Wenn Till Abends vom Sofa klettert und zur Tür läuft, wenn er Papas Schlüssel im Schloss hört. Wenn Till angelaufen kommt und einem die Arme entgegen streckt, weil er auf den Arm will, wenn wir gemeinsam Sonntag morgen im Elternbett kuscheln,… Wir versuchen die vielen kleinen Momente und die gemeinsame Zeit zu genießen. Das letzte Jahr war aufgrund der Krebserkrankung meines Mannes nicht leicht. Und auch Till hat unter der Situation gelitten. Aber als alles überstanden war, sind Till und ich zur Mutter-Kind-Kur gefahren. Mein Mann war im Nachbarort zur Reha. So konnten wir alle Kraft tanken und zur Ruhe kommen und trotzdem an den Wochenenden viel Zeit miteinander verbringen.

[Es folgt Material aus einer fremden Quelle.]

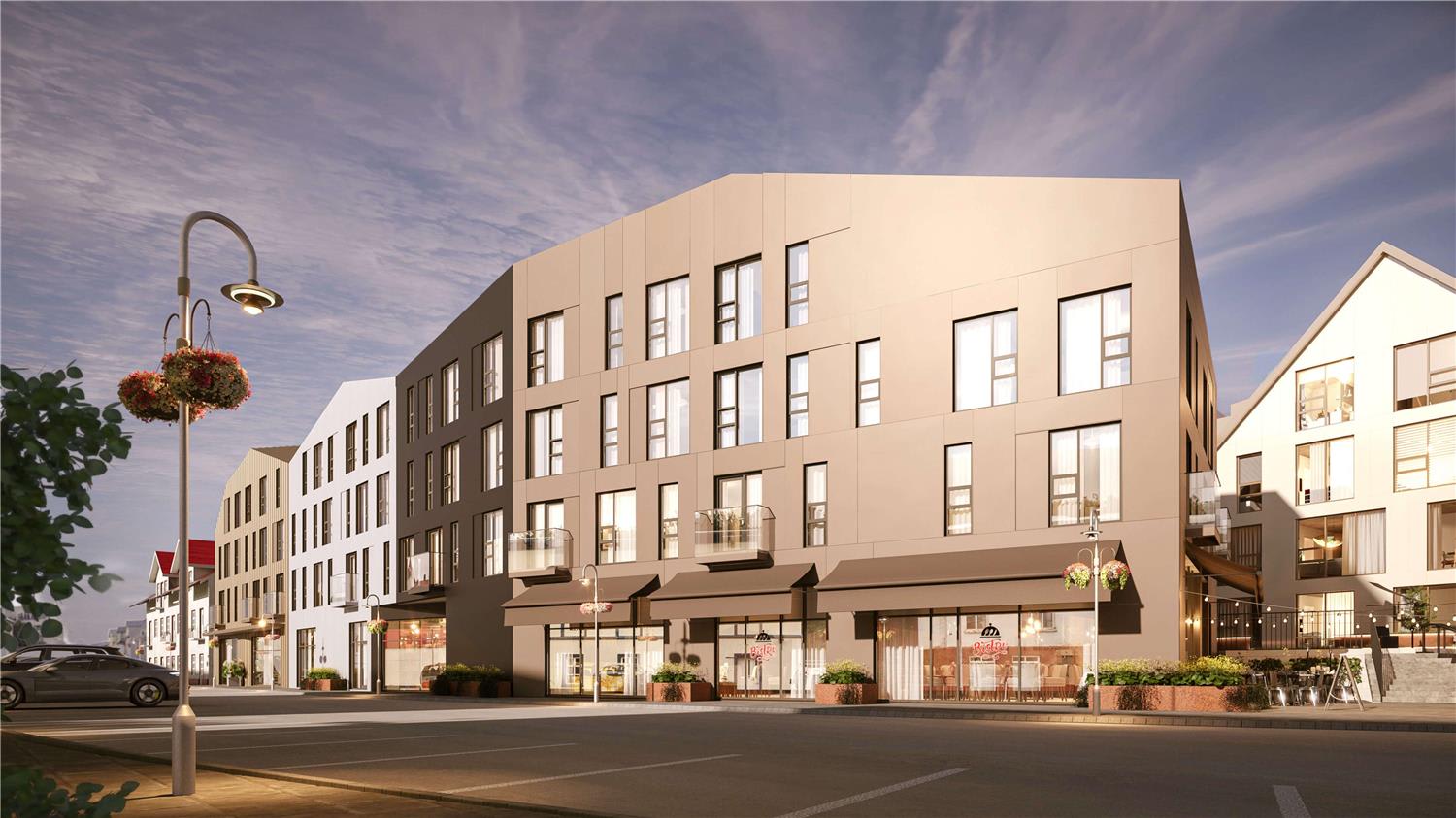 Skald Hotel Akureyri, Curio Collection By Hilton 1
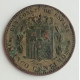 5 Cts Barcelona 1878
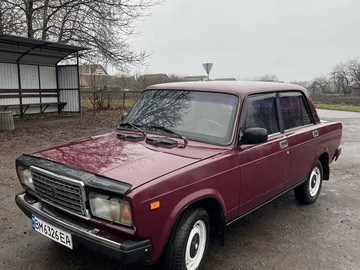 Авто ВАЗ 2107 2003 № 8264131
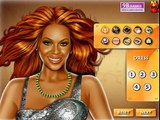 Beyonce Knowles Celebrity Makeover - Best Game for Little Girls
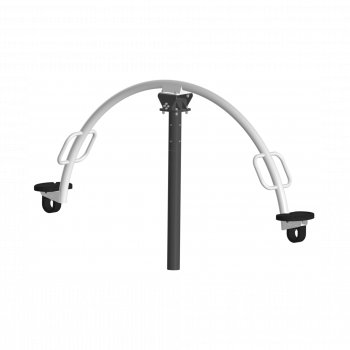 Качели балансир "Коромысло" - Производственная компания План Б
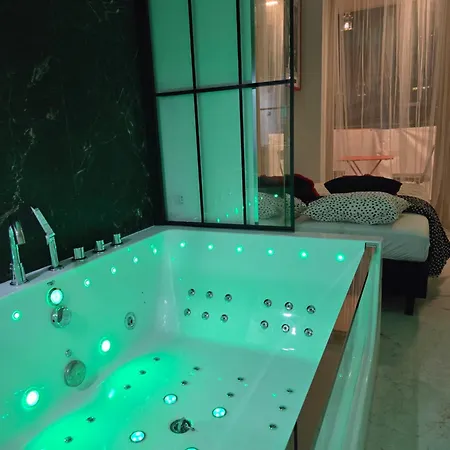 Jacuzzi Centrum Appartement Varsovie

Zum Beispiel hat Till das Schwimmen für sich entdeckt. Er ist eine richtige Wasserratte und will am liebsten gar nicht mehr aus dem Becken. Diese Schwimmbad-Nachmittage sind für uns alle echte Qualitätszeit.
Und wann bist Du das letzte Mal richtig an Deine Grenzen gekommen?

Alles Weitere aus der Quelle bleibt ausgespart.